- Prep: 10 min
- Cook Time: 10 min
- Total: 20 min
- Serving: 8 servings
This wonderful couscous salad is chockfull of delicious flavor and texture. Enjoy it as a main vegetarian dinner meal, or serve it as a side in place of rice and vegetables dishes.
- 1-1/2 cups Couscous
- 1/4 cup Extra Virgin Olive Oil
- 1/4 cup Fresh Lemon Juice, from 1-2 lemons
- 1 pinch Sea salt
- 1 pinch Ground black pepper
- 1/3 cup Fresh Cilantro, rough chopped
- 3 Green Onions, thinly sliced
- 1 Poblano Peppers, seeded & finely diced
- 1 Fennel Bulb, cored & shaved or very thinly sliced
- 4 cups Black Kale, Green chard, Napa cabbage, or other green; shredded
- 1 can Small white beans, rinsed and drained
- 4 ounces Feta Cheese, crumbled
- Prepare the couscous according to package directions.
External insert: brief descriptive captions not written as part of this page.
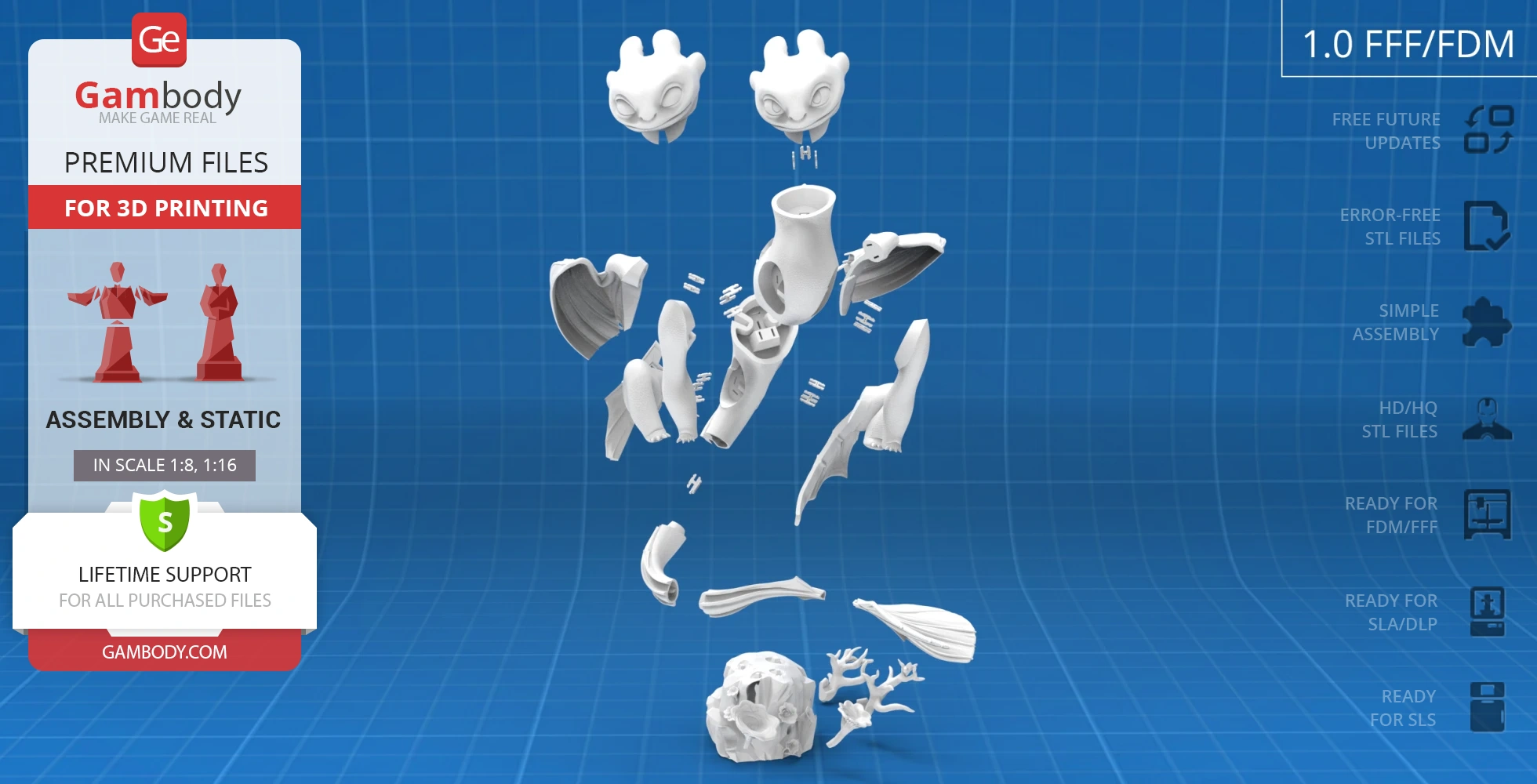 Exploded view of Light Fury 3D model parts on a blue grid background, ready for assembly and printing.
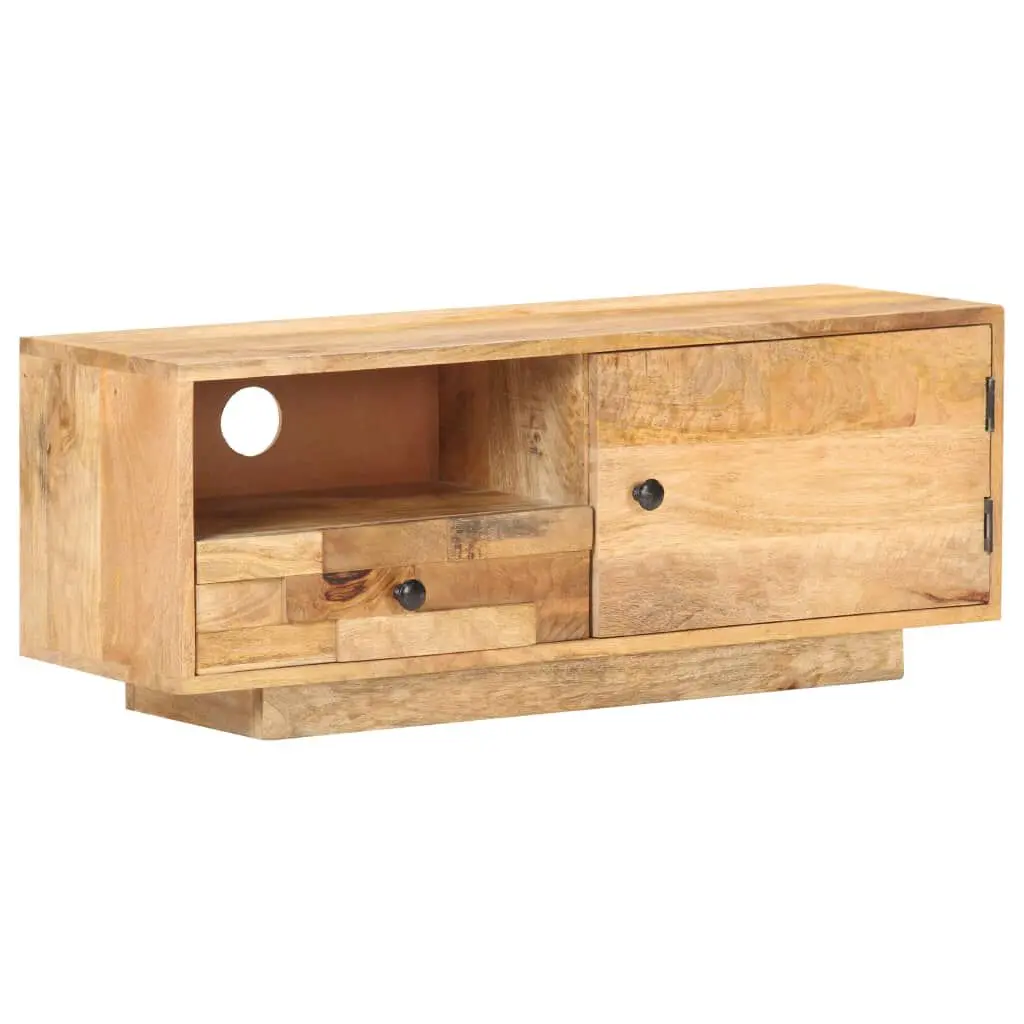 TV Stand 35.4 Inches Solid Wood Mango Compact Entertainment Center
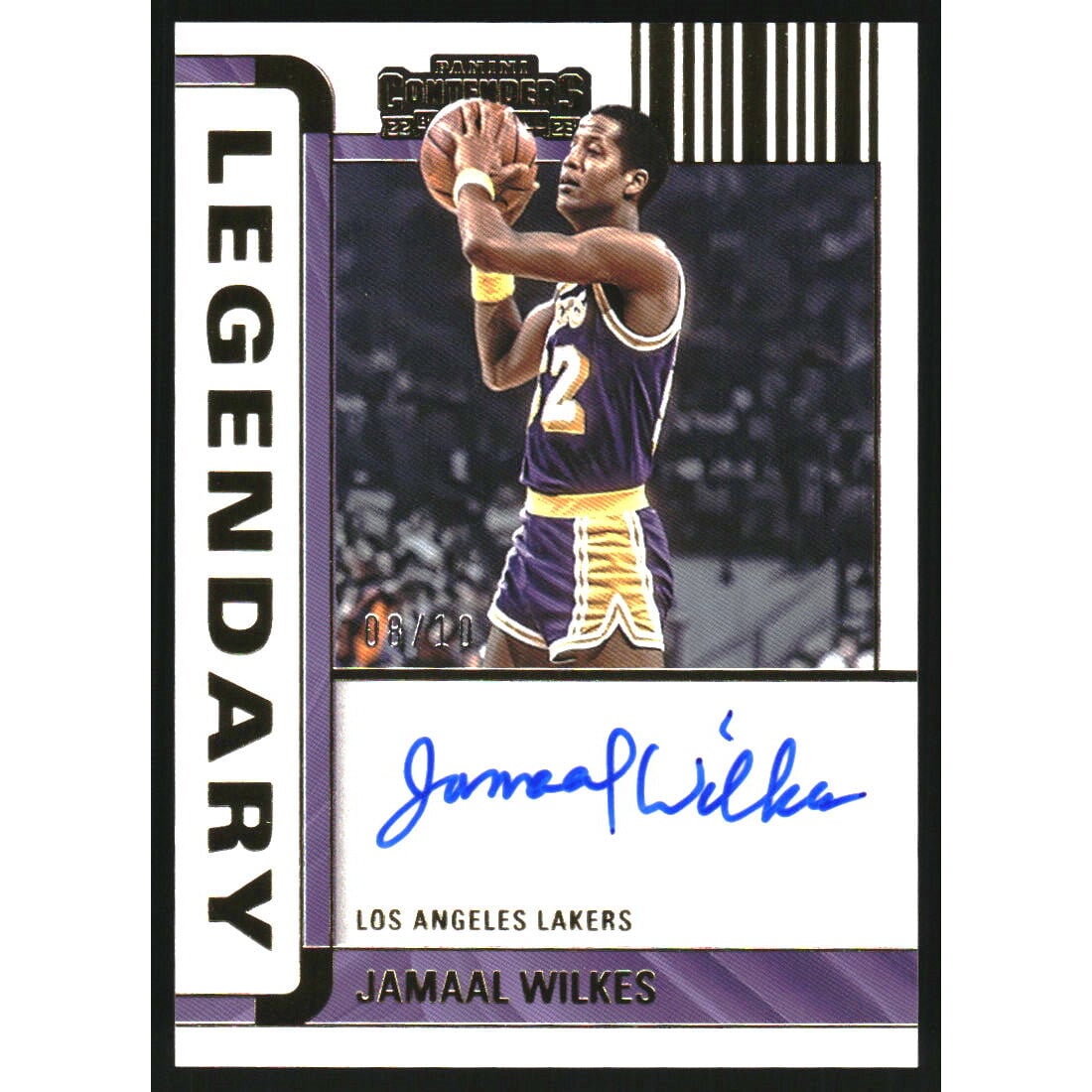 2022-23 Panini Contenders Legendary Contenders Autographs Gold #8 Jamaal Wilkes. rookie card picture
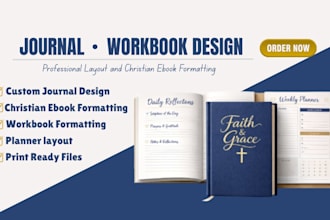 edit, format christian ebook, kdp journal, planner, workbook, book layout design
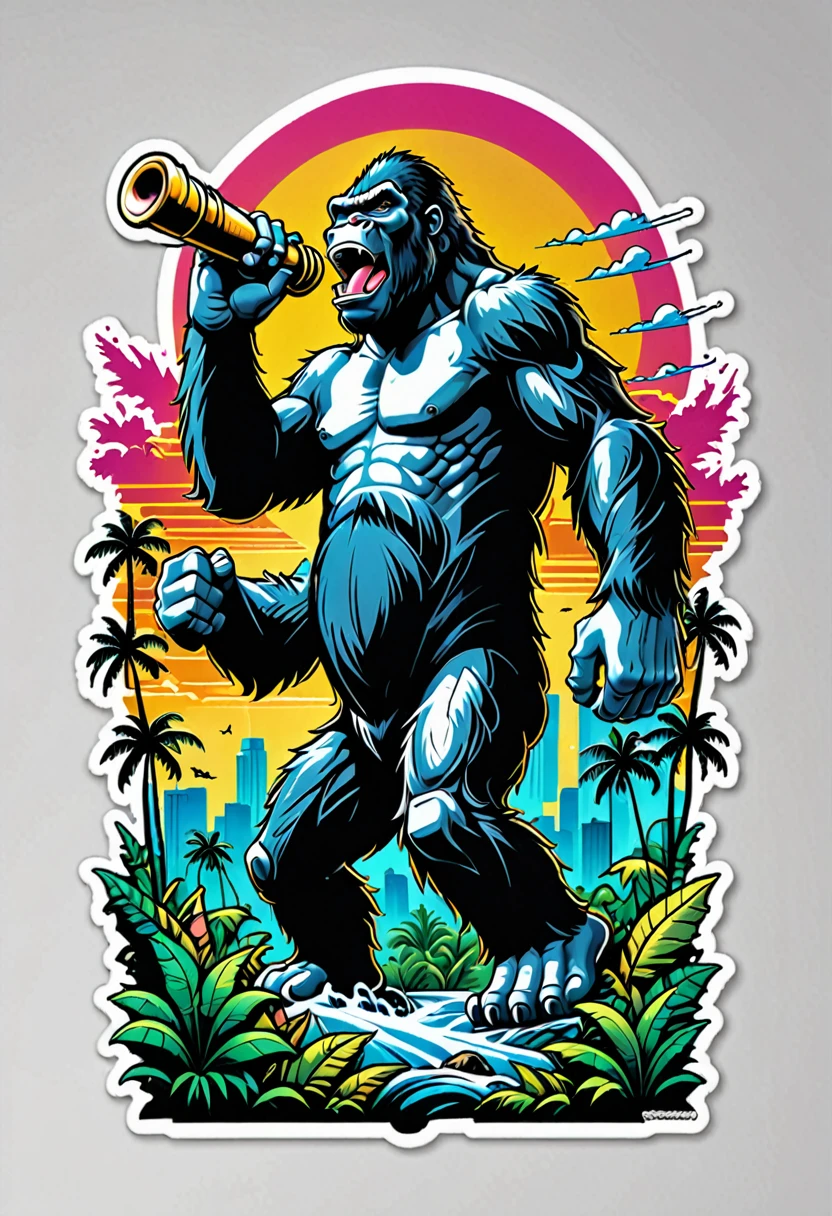 (((a sticker))), (((white background))),splash art, intricately detailed t-shirt design ready for print , 2d, ONE angry wild shouting furious  HUGE KING KONG in foreground, Jungle sunset at the background, vibe detailed design for streetwear and urban style t-shirts design, pro vector, (cel-shading style:1.3), inkpunk, (ink lines:1.1), strong outlines, bold traces, high contrast, (cel-shaded:1.1), vector, 32k resolution, best quality, flat lights,vector t-shirt art ready for print, intricate rich extremely complex ornaments illustration, extremely detailed and complex illustration, high detail, clean lines style, intricate high details, (((white plain background)))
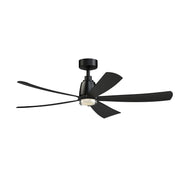 Fanimation Kute5 52in 1-Light Smart Ceiling Fan | Black and Black Composite Blades | Living Rooms & Covered Patios | Model FPD5534BL-DWLK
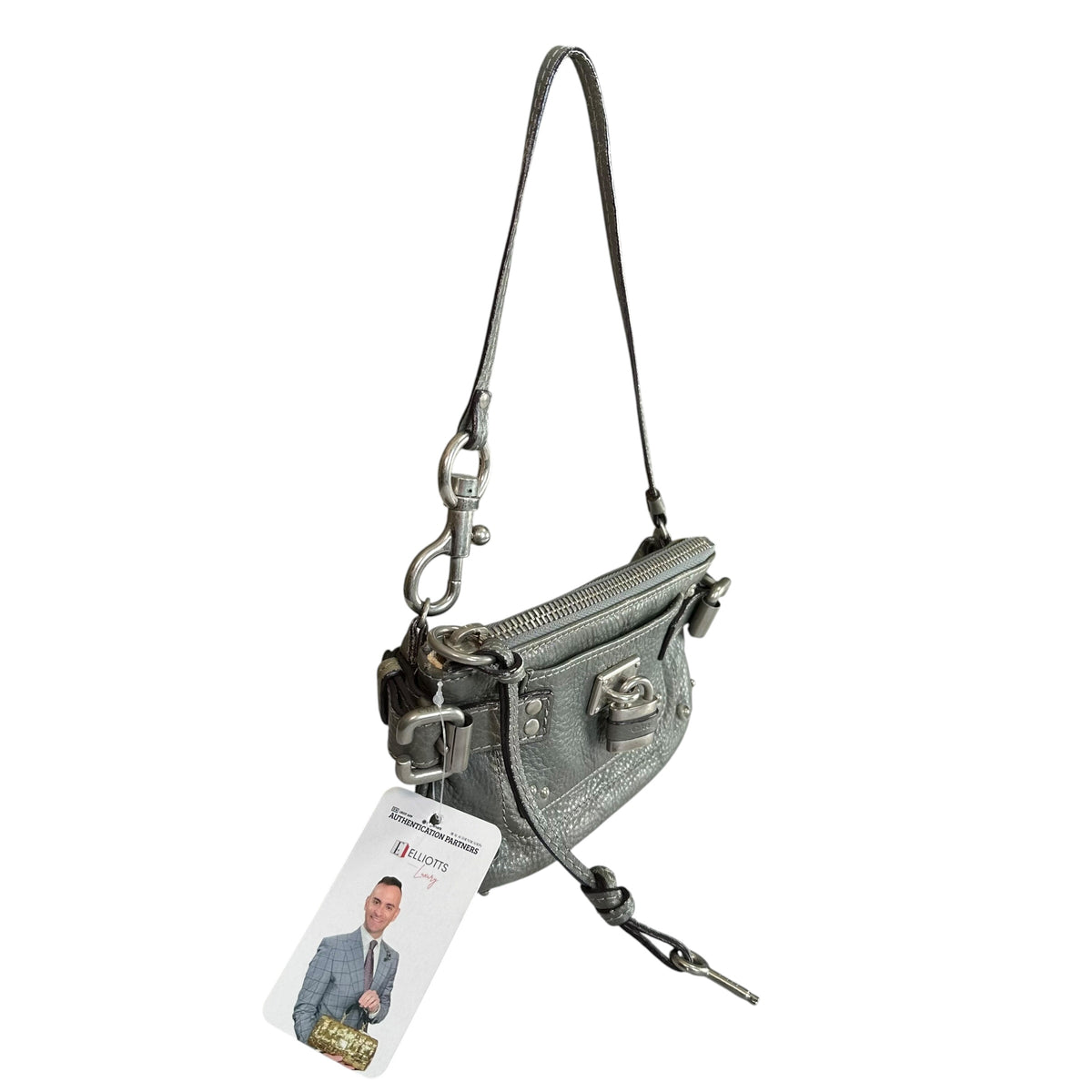 Chloe Paddington Grey Mini Leather Pouchette  SHW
- In the meantime, place the lemon juice, olive oil and a pinch of salt and pepper into a small bowl and whisk vigorously until blended.
- Put the cooked couscous, fennel, kale, cilantro, green onion, peppers and beans into a large salad bowl. Pour in the dressing and then gently toss to combine. Serve the salad topped with the crumbled feta.